RECORD EXTRACTS =

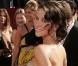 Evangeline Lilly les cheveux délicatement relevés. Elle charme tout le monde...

* * *

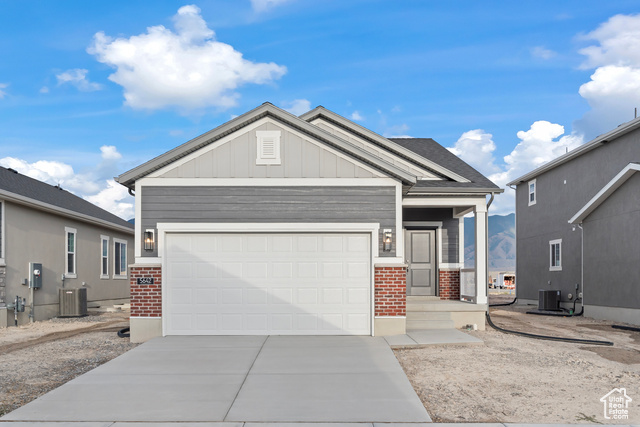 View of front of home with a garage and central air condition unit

...

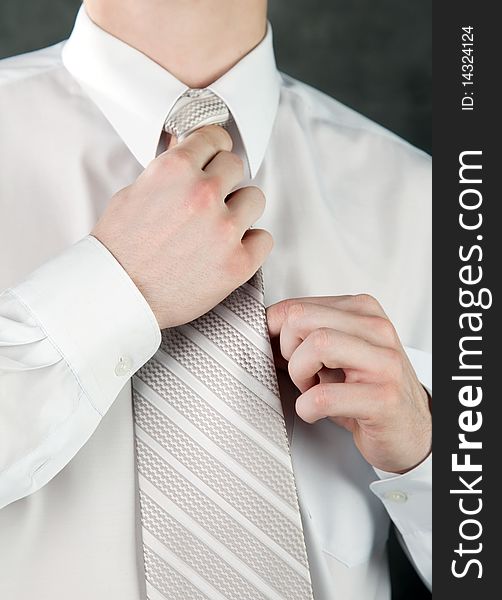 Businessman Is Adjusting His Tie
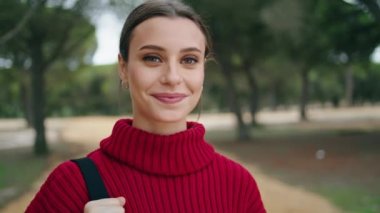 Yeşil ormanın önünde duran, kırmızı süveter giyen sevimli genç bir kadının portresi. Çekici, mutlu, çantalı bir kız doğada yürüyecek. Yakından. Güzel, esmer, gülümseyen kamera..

ASSIGNMENT =
The result should be an exact copy of only the lines above from the one that holds "Businessman Is Adjusting His Tie" through the one that holds "Yeşil ormanın önünde", both ends included, without pictures.

WRITTEN RESPONSE =
 Businessman Is Adjusting His Tie
 Yeşil ormanın önünde duran, kırmızı süveter giyen sevimli genç bir kadının portresi. Çekici, mutlu, çantalı bir kız doğada yürüyecek. Yakından. Güzel, esmer, gülümseyen kamera..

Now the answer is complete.